Four short films titled “Healing Thru Freedom” were created to document Black experiences in America’s modern criminal justice system, according to the Dayton (Ohio) Daily News.
The films were financed by grants from the Pretrial Justice Institute, a national organization that promotes safe, fair and effective juvenile and adult pretrial justice practices.
“(The Pretrial Justice Institute) was really interested in building relationships with artists to help move culture forward to ask what we believe in our community and how that impacts the kind of political decisions that we make,” said Leroy Bean, who made one of the four films.
Bean commented that the filmmakers had the choice of “educating people on the history and where we’re at now with it or re-imagining what it could look like, such as alternatives to police and things like that.”
The other creators were Mariah Johnson, Dionte Allen and Brie Hope.

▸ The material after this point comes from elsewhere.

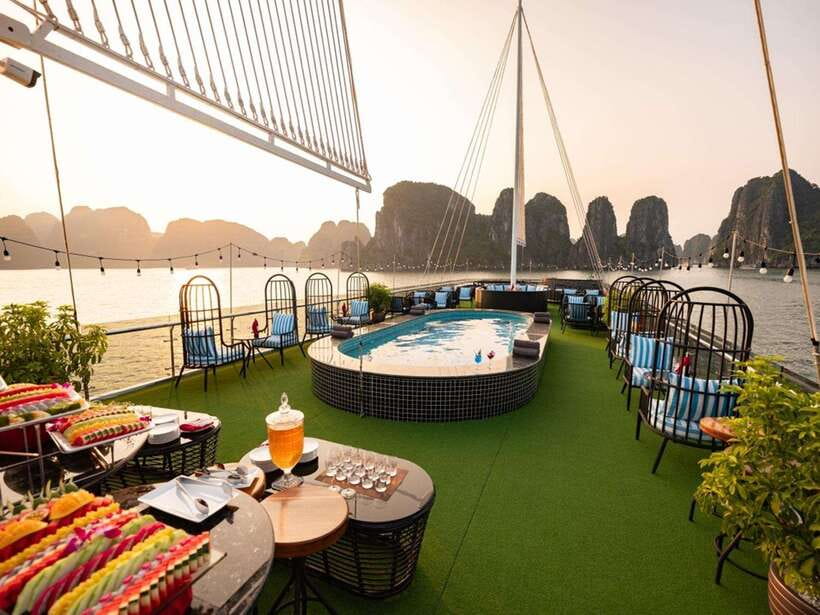 Hanoi: 2-Day Ha Long Bay Cruise, Tam Coc, Mua Caves, Hoa Lu - Climbing Mua Cave for the wide view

Bean filmed an abstract reenactment of Kalief Browder’s story. Browder was a young Black man held in Rikers Island jail without trial from 2010 to 2013. He was charged with stealing a backpack containing valuables. Two years after his release, Browder committed suicide, the News said.

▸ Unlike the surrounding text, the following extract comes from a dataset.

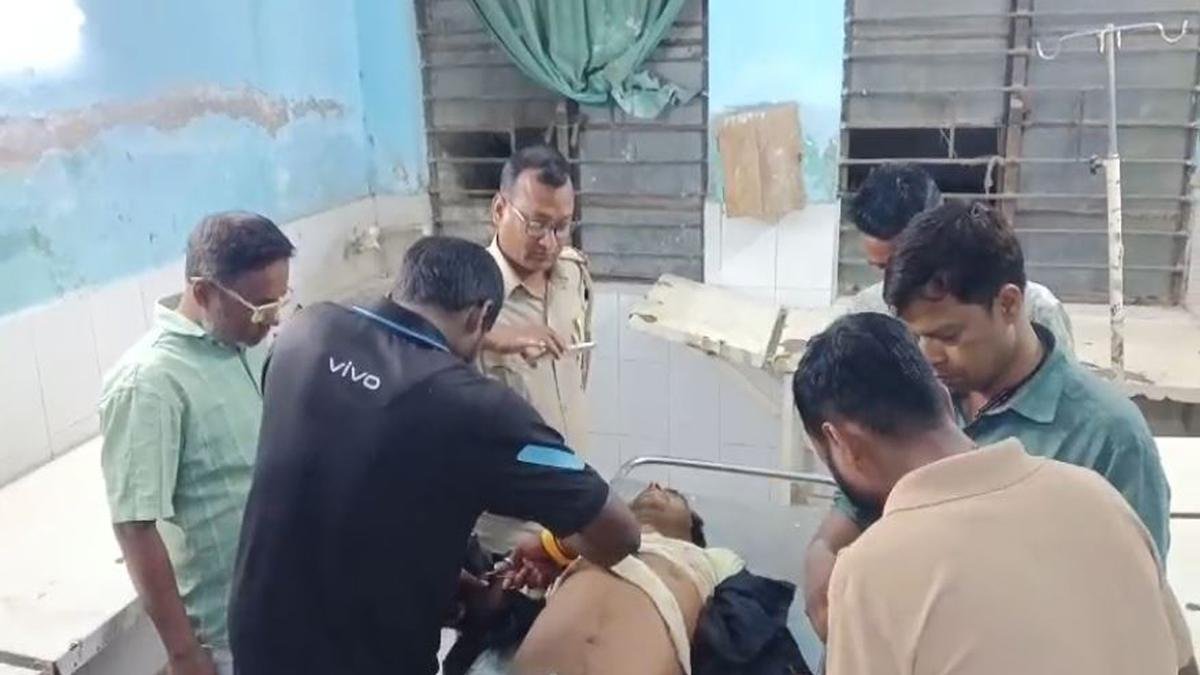 अपराधियों ने युवक को मारी गोली, इलाके में मची सनसनी, जांच में जुटी पुलिस | 22Scope News Betia Goli 22Scope News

Allen created a satirical analysis of the word “semantics” and how, throughout history, that word was used to criminalize Black people. Johnson turned to her family and their experience with the justice system to create her short film. Hope created a short animated film, “Alternatives to Police,” that re-imagined the justice system.
Bean said, “I want them to really walk away with how they authentically feel.
I really want people to be present enough to receive all of the things they might feel that come with this project, whether it be from a personal experience, or just really being opened up to something new to understand that we are all human.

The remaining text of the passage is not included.